Personal information
- Born: 24 March 1999 (age 27)

Sport
- Sport: Athletics
- Event: Hurdles

Achievements and titles
- Personal bests: 100mH: 13.46 (Bangkok, 2023)

Medal record
Women's athletics
Representing Vietnam
SEA Games
| Gold medal – first place | 2023 Cambodia | 100 m hurdles |
| Silver medal – second place | 2023 Cambodia | 4x100 m relay |
| Bronze medal – third place | 2025 Thailand | 100 m hurdles |

= Huỳnh Thị Mỹ Tiên =

Vietnamese athlete (born 1999)

Huỳnh Thị Mỹ Tiên (born 24 March 1999) is a Vietnamese hurdler. She won the gold medal at the 2023 Southeast Asian Games in the 100 metres hurdles and competed at the 2025 World Championships.

==Career==
Mỹ Tiên is from Vinh Long, and became involved in athletics during high school. She won the Vietnamese Athletics Championships in the 100 metres hurdles in 2020 and 2021. In May 2023, she won gold medal the 100 metres hurdles at the 2023 Southeast Asian Games in Phnom Penh, Cambodia in a time of 13.50 seconds. She was also a silver medalist in the 4 x 100 metres relay at the Games.

In July 2023, she ran a personal best of 13.46 seconds to reach the final of the 100 metres hurdles the 2023 Asian Athletics Championships in Bangkok, before placing fifth overall.

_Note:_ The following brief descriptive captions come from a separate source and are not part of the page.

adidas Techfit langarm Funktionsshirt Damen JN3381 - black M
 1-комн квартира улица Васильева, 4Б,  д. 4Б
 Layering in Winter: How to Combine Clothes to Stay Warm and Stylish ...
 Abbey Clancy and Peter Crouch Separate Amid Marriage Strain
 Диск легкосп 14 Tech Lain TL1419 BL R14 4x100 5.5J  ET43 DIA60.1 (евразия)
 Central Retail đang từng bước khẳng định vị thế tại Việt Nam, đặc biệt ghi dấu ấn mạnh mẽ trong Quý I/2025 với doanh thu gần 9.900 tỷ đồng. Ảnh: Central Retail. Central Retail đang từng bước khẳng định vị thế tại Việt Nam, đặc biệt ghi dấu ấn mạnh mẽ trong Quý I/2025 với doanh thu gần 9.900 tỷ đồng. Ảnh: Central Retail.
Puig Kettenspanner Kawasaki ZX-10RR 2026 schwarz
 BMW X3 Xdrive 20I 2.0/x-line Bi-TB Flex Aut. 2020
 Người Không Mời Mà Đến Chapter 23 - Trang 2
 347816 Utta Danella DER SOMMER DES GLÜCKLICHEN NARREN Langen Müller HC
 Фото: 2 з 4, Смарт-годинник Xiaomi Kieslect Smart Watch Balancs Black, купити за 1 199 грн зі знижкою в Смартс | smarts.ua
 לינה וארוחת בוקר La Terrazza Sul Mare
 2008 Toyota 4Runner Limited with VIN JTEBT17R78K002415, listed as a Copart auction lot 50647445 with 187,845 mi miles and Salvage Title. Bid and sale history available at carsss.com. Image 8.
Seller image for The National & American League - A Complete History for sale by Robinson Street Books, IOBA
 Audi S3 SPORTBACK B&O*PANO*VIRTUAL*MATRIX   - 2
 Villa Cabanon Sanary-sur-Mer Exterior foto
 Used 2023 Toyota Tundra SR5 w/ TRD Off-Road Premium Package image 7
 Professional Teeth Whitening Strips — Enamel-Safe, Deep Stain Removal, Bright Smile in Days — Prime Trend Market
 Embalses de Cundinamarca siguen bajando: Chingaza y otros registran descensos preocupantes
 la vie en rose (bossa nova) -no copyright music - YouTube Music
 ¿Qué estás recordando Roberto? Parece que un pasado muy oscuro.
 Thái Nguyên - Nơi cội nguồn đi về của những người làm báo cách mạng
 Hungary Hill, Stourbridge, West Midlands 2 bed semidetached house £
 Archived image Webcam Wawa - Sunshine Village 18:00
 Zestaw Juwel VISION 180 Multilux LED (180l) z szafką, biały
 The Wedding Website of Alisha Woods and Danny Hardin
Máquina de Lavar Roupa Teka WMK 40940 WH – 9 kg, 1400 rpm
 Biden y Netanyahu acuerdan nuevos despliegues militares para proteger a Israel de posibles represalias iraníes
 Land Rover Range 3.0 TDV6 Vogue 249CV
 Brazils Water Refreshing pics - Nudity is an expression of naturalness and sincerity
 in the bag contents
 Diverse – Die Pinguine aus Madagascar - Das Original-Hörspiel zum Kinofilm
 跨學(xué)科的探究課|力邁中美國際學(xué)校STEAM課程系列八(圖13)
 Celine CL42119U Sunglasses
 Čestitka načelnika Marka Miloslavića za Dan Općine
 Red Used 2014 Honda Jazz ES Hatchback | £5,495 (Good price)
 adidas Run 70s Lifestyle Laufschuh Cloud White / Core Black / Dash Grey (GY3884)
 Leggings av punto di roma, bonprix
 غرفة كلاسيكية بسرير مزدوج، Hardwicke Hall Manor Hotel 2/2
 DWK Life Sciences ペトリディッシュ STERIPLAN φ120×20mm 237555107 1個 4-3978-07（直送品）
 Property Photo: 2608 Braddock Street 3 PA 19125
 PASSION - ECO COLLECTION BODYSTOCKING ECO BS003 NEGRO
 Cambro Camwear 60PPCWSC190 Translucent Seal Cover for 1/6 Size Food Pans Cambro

At the 2024 Vietnamese Athletics Championship, she ran an all-conditions lifetime best tine of 13.38 seconds, 0.02 seconds behind the national record of 13.36 seconds held by Vũ Bích Hường, set in 1999, who now also acts as her coach in Hanoi.

After qualifying for the final, she placed seventh overall in the 100 metres hurdles the 2025 Asian Athletics Championships in Gumi, South Korea in May 2025. She won the 2025 Vietnamese Athletics Championship in Da Nang, running the women's 100m hurdles in a time of 13.52 seconds.

In September, she was the sole Vietnamese female athlete selected to compete at the 2025 World Athletics Championships in Tokyo, Japan. She competed in the women’s 100 metres hurdles, running a time of 13.77 seconds in her heat, without advancing to the semi-finals. In December, she won the 100m hurdles bronze medal at the 2025 SEA Games.